▶ **Problem**
Make an exact copy of the records, with the images left out.

::::::

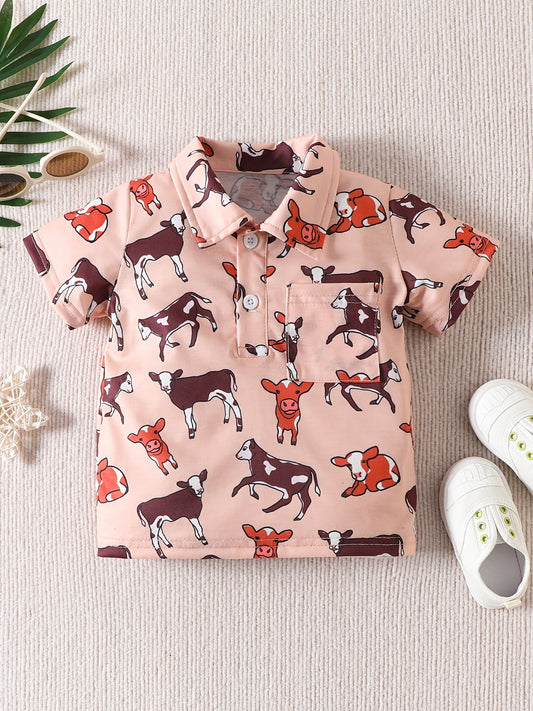 Boys Cow Cartoon Polo Shirt Summer Kids Clothes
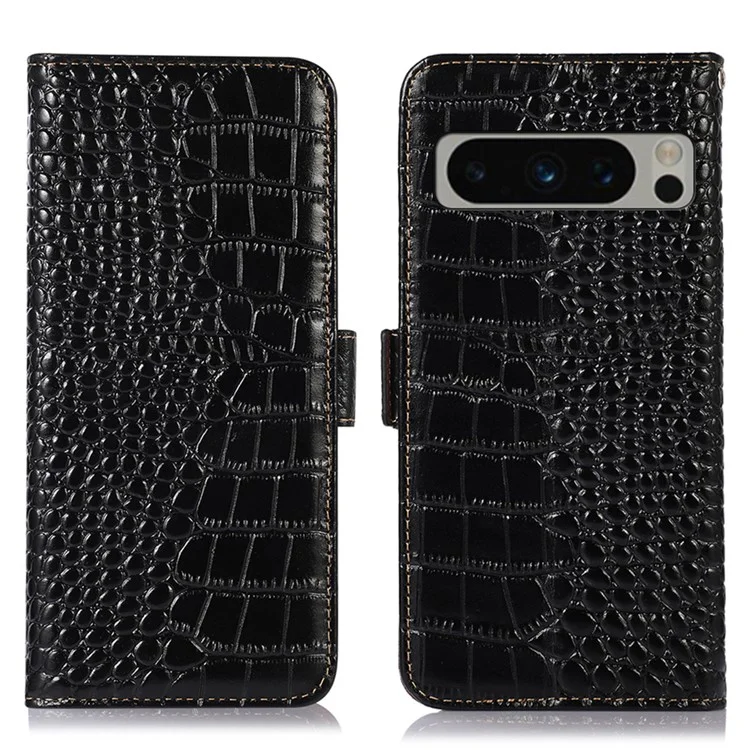 Pour Google Pixel 8 Pro RFID Blocking Genuine Cowhide Leather Crocodile Texture Case Wallet Stand Phone Cover - Noir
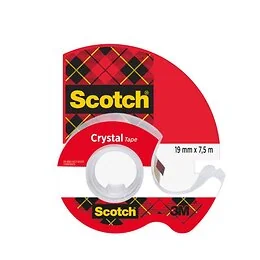 Scotch adhésif Crystal avec dévidoir 7,5 m Scotch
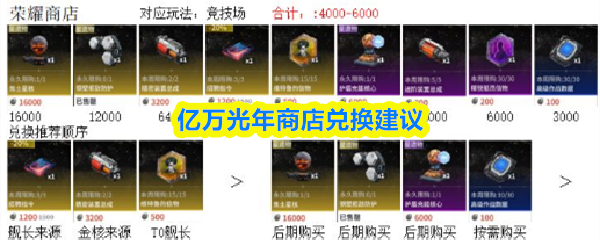亿万光年商店兑换建议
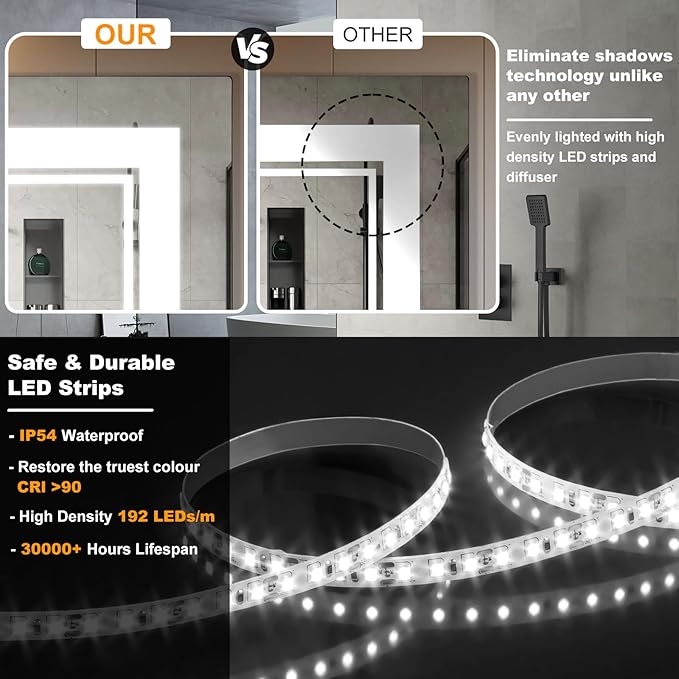 72x36 Inch LED Bathroom Mirror with Frontlit & Backlit（Independent Control）, Lighted Mirror for Bathroom Wall with 3-Color Dimmable & Anti-Fog, Vanity Mirror with Lights
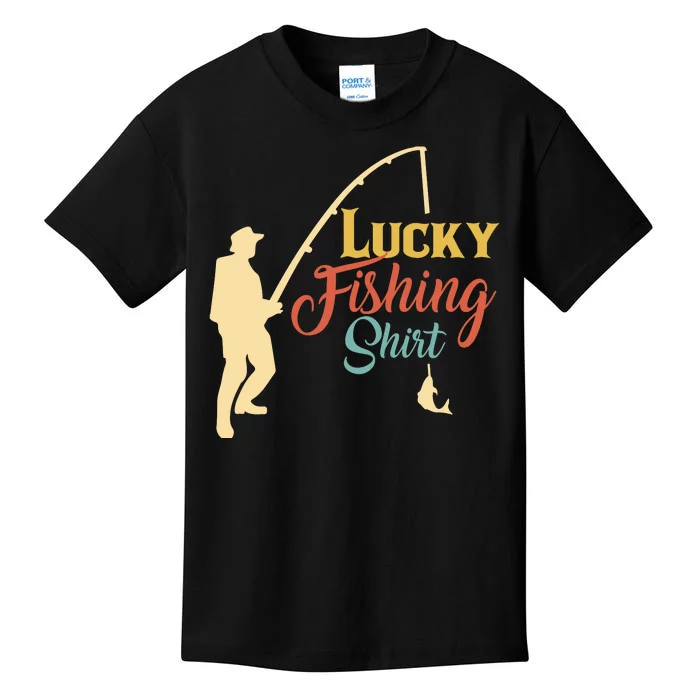 Lucky Fishing Gift For Fishing Dad Kids T-Shirt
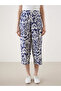 Patterned Women's Capri with Elastic Waist - 2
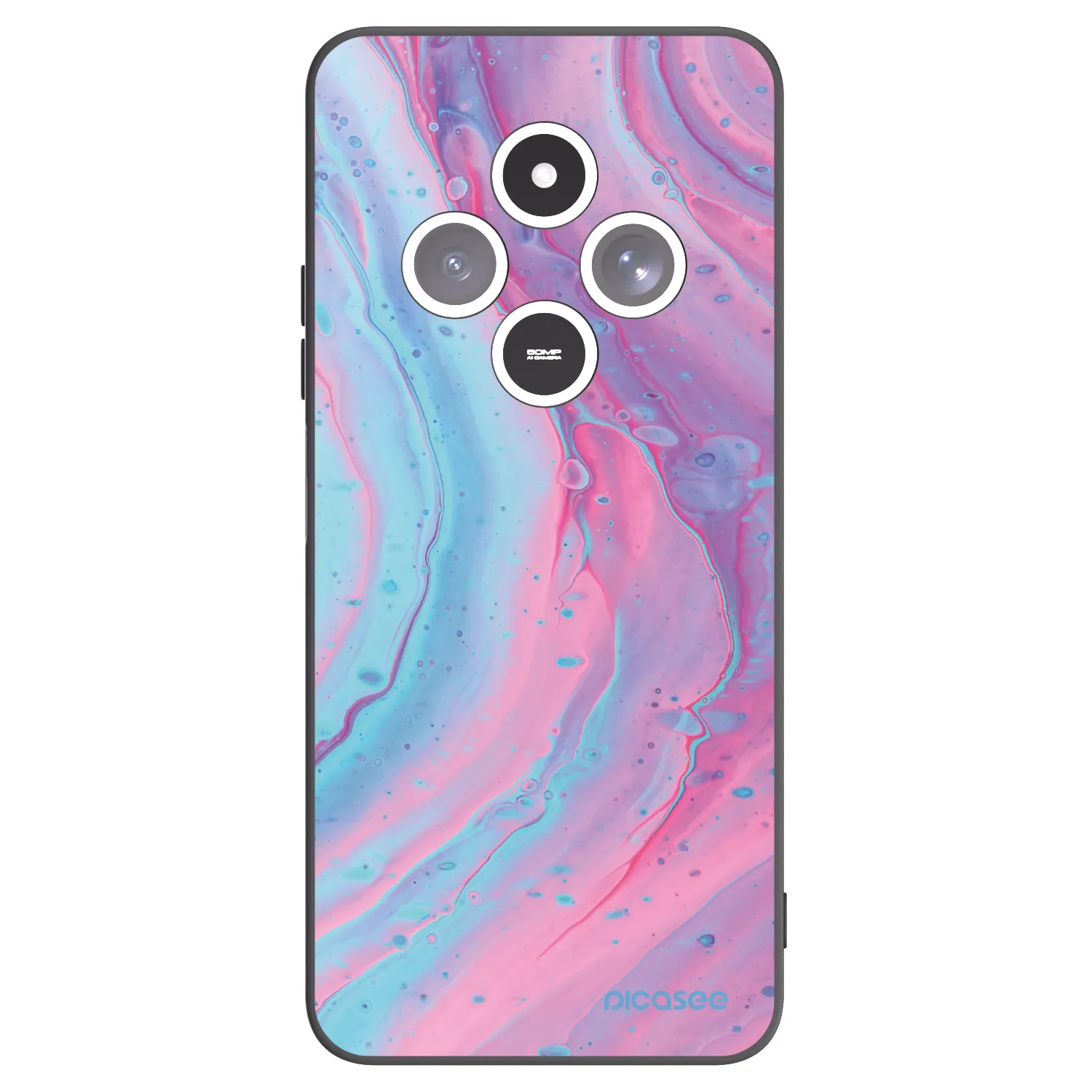 Picasee silikonový černý obal pro Xiaomi Redmi 14C - Pink liquid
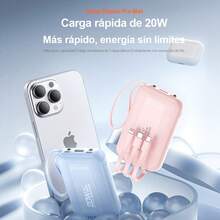 Batería Portátil para Celular 2026 - Nueva Versión: Gran Capacidad de 20000mAh, Pila Portátil Mini con 4 Cables Incluidos. Compacta y Ultraportátil para Todos los Celulares, Tabletas y Dispositivos - 2 Luces LED para Apagones y Outdoor - Permitida en Aviones - Serie Jiditech A20/A20Pro. - A20-Negro - Ver 2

::::::

▶ **Expected answer**
 Boys Cow Cartoon Polo Shirt Summer Kids Clothes
 Pour Google Pixel 8 Pro RFID Blocking Genuine Cowhide Leather Crocodile Texture Case Wallet Stand Phone Cover - Noir
 Scotch adhésif Crystal avec dévidoir 7,5 m Scotch
亿万光年商店兑换建议
 72x36 Inch LED Bathroom Mirror with Frontlit & Backlit（Independent Control）, Lighted Mirror for Bathroom Wall with 3-Color Dimmable & Anti-Fog, Vanity Mirror with Lights
 Lucky Fishing Gift For Fishing Dad Kids T-Shirt
 Patterned Women's Capri with Elastic Waist - 2
 Picasee silikonový černý obal pro Xiaomi Redmi 14C - Pink liquid
 Batería Portátil para Celular 2026 - Nueva Versión: Gran Capacidad de 20000mAh, Pila Portátil Mini con 4 Cables Incluidos. Compacta y Ultraportátil para Todos los Celulares, Tabletas y Dispositivos - 2 Luces LED para Apagones y Outdoor - Permitida en Aviones - Serie Jiditech A20/A20Pro. - A20-Negro - Ver 2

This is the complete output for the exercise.